As I pulled into the parking lot she said, “Where are we? Is there something wrong with me?” I have no idea where that came from. There is not much in the parking lot to suggest what the place is and their signage is almost unnoticeable. She might have seen it.
“No, I just need to drop off some papers here. Come on in with me.”
I grabbed a folder of papers from the backseat and escorted her through the front gate into a lovely courtyard filled with flowering plant and shade trees. Then I took her through the entrance door to the building’s lobby at 10AM, our scheduled arrival time.
They were ready for her. Several cheery staff members greeted her by name with big smiles on their faces. One of them took her by the hand and started to lead her off to their activity room. Sharon turned around to look at me for some reassurance.
“It’s okay. Go with them and I will join you in a few minutes,” I lied. I watched the staff lead her down the hallway to the activity room. When I was younger I had to take my dog in to have it euthanized. Back then, you didn’t go in with your dog to comfort it while it was being put down. You just handed it over to the vet and they led it down a hallway with its tail wagging. I never forgot that awful feeling of sending an innocent happy animal off to die. This felt oddly similar and the scene still haunts me.
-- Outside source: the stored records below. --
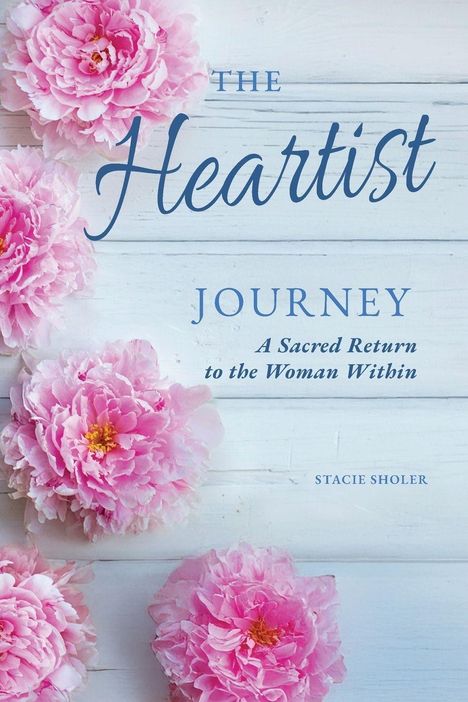 "The Heartist Journey: A Sacred Return to the Woman Within" von Stacie Sholer. Rosa Pfingstrosen auf hellem Holz.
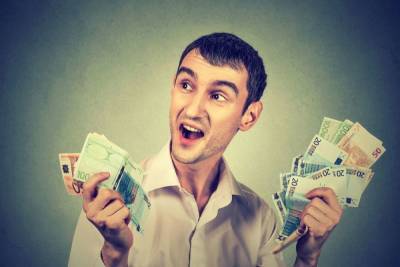 Петербуржец променял идеи политической партии на деньги от сдачи макулатуры - spb.mk.ru - Россия - Ленинградская обл. - Санкт-Петербург - р-н. Московский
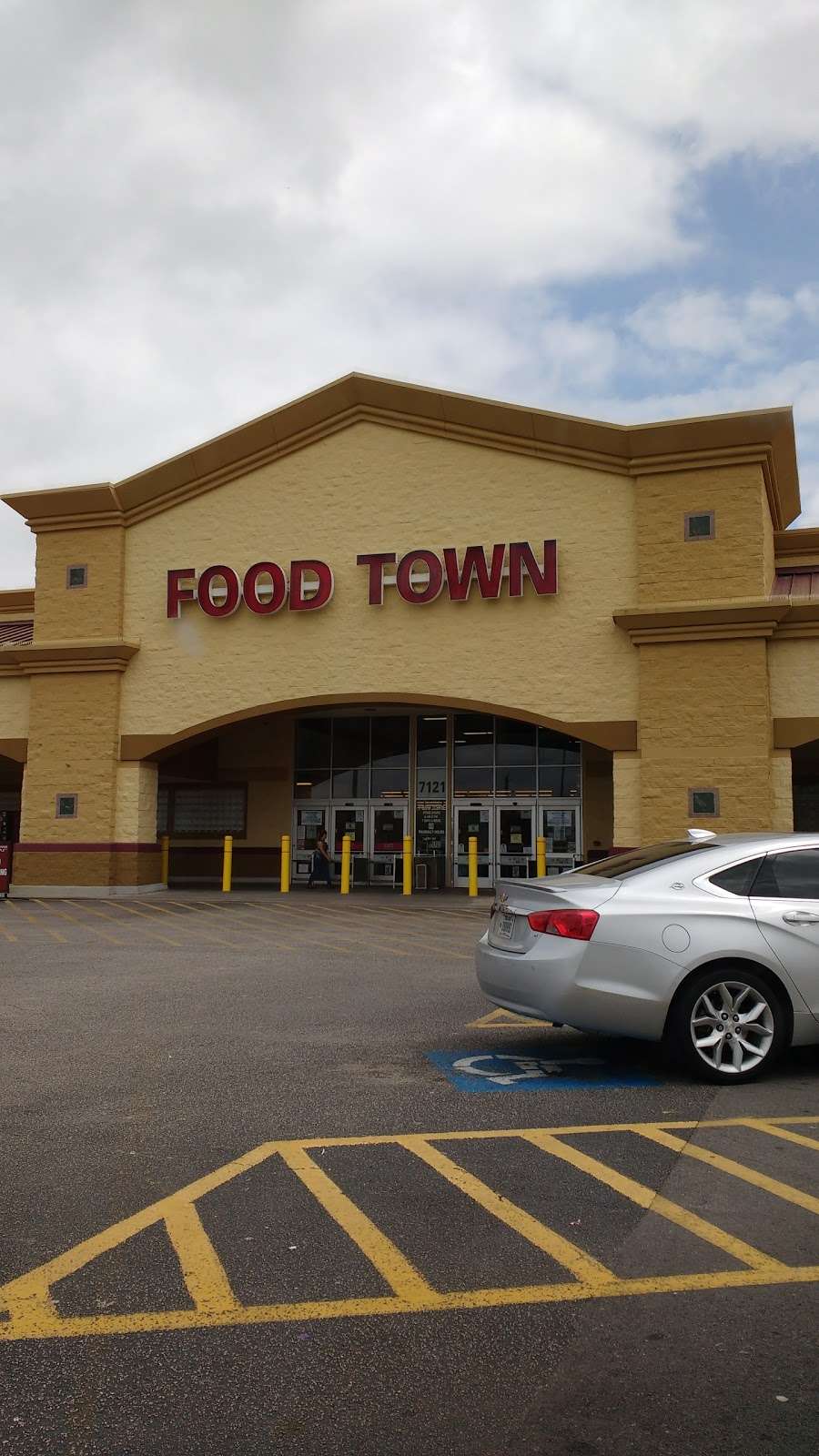 Food Town | 7121 Broadway St, Pearland, TX 77581 | Phone: (281) 997-3755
Once she was out of sight, I went back out to the car to get her belongings. I spent the next hour behind a closed door, signing papers to place my wife, my high school sweetheart and my soul mate in a dementia care facility where most of the other residents were 20 to 30 years older than her. Then it was time for me to leave. As I walked out I glanced back down the hall and saw her engaged in some exercise activity which involved waving a pool noodle around in the air.
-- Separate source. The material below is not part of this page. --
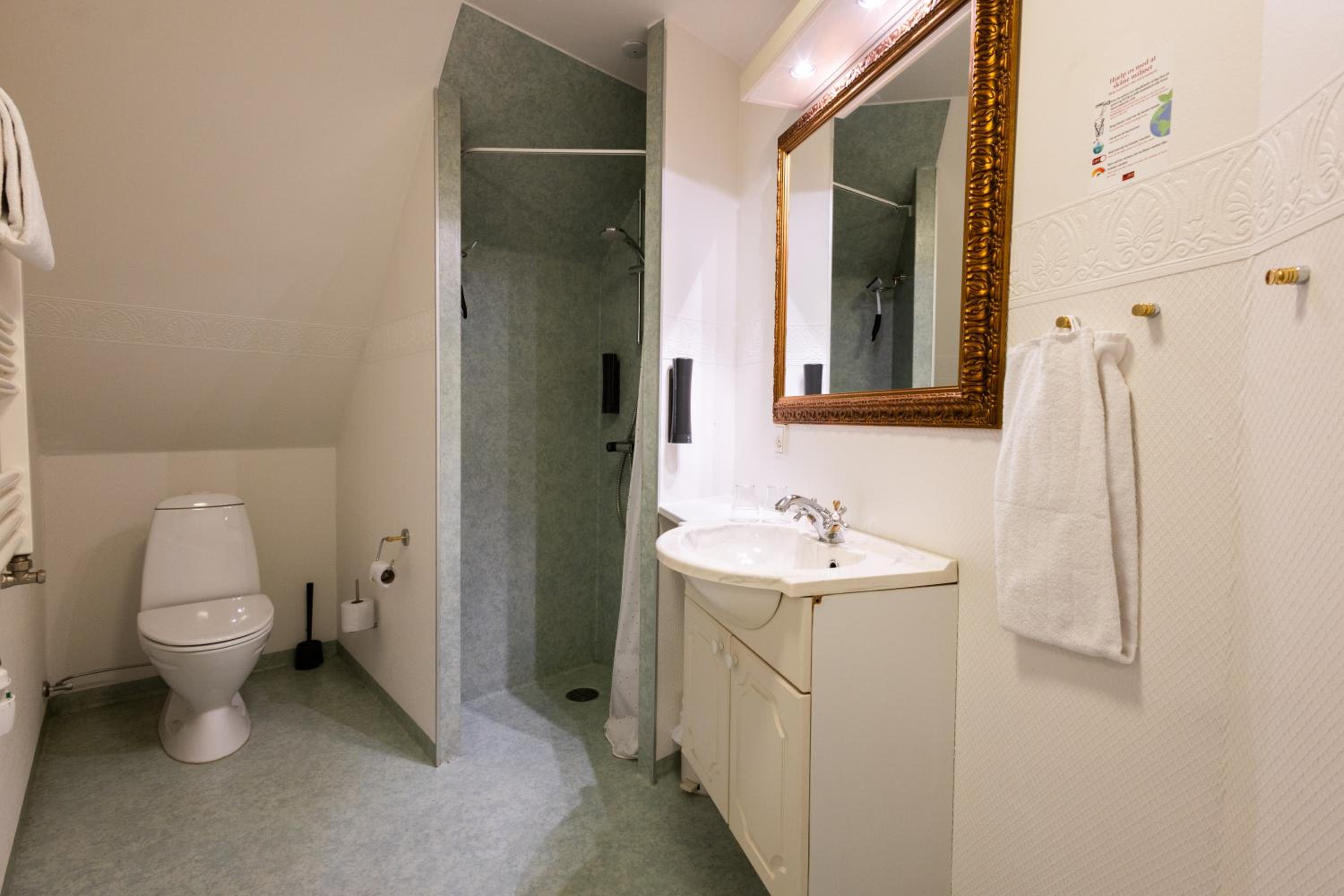 Triple Room - Photo 2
I walked out the front gate to the parking lot. As the gate swung shut a wave of emotion came over me like I had never experienced in my life! So many emotions hit me all at once with a tremendous intensity: sadness, guilt, joy, grief and a sense of FREEDOM. All of a sudden, all that weight that I had unknowingly been carrying around with me for the last 3 years was lifted. I felt lighter than air. Then it hit me: I was alone. Absolutely and completely alone. I was alone, but I was also free to do whatever I wanted for the first time in 3 years.